A menção ao Eldritch fez o coração de Zinya saltar de esperança. E ouvir Vastor usar a palavra “nossos” a fez agradecer aos deuses por tê-la abençoado com um homem tão bom.
“Você tem razão.” respirou fundo para se acalmar. “Vamos ligar para ele primeiro. Se Tezka não atender…”
“Oi, mamãe! Oi, pai.” O holograma de Filia atendendo ao amuleto do Fylgja cortou Zinya no meio da frase e fez seus joelhos cederem de alívio.
Por sorte, ainda estava à mesa, de modo que caiu apenas alguns centímetros até atingir a cadeira. Zinya queria chorar e perguntar se as crianças estavam bem, mas precisava de pura força de vontade só para continuar respirando.
“Vocês estão bem? Está tudo certo?” Vastor apertou a mão dela com mais firmeza e fez as perguntas que ela não conseguia.
“Sim, pai.” Frey ampliou o holograma, mostrando que estavam de volta em seu quarto.
Tezka havia retomado sua forma de bestas mágicas e as crianças estavam alimentando ambas as versões dele com petiscos saborosos.

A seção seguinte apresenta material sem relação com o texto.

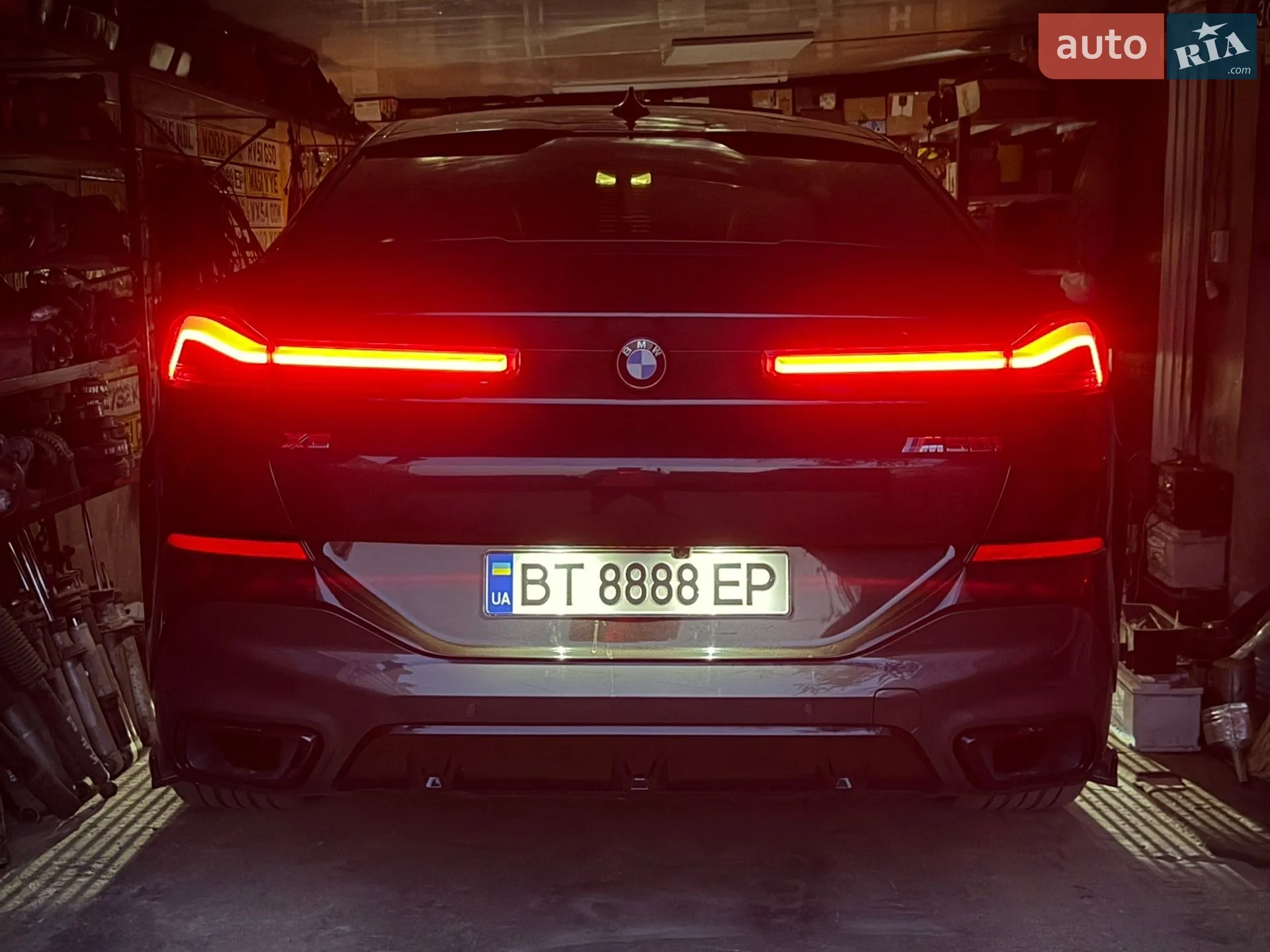 2020 BMW X6 - мініатюра 69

“Algumas pessoas más tentaram nos levar embora, mas o tio Tezka chutou as bundas deles. Você devia ter visto, mamãe. Foi incrível!” Zinya não poderia discordar mais da definição de “incrível” de Frey, mas ver seus filhos seguros, saudáveis e felizes era exatamente o que acabara de pedir aos deuses.
Ela apenas assentiu, olhando para o Eldritch com o amor e devoção de uma crente testemunhando um milagre.
“Obrigada, Zogar.” Sua voz falhou e seus olhos se encheram de lágrimas, mas Filia e Frey estavam ocupados demais cuidando do pelo de suas montarias para notar.
“Não me agradeça. É provável que nossos filhos tenham sido atacados porque Thrud queria se vingar de mim.” respondeu ele.
“Ou de mim.” disse Lith. “Kami está fora de alcance e Zinya é sua única parente.”
“Só há um jeito de descobrir.” Vastor suspirou. “Sinto muito, Zin, mas agora não tenho desculpa para ignorar uma convocação real. Preciso ir.”
“Não se preocupe, ficarei bem sozinha. Só preciso de alguns minutos para me recompor antes de chamar uma carruagem.” disse ela.
“Besteira. Você não vai passar nem um segundo a mais do que o necessário longe de nossos filhos.” Vastor a ergueu nos braços como uma princesa, mostrando que era muito mais forte do que parecia.
Então, todos acompanharam Zinya até o transporte que os levaria ao Portão de Dobra mais próximo.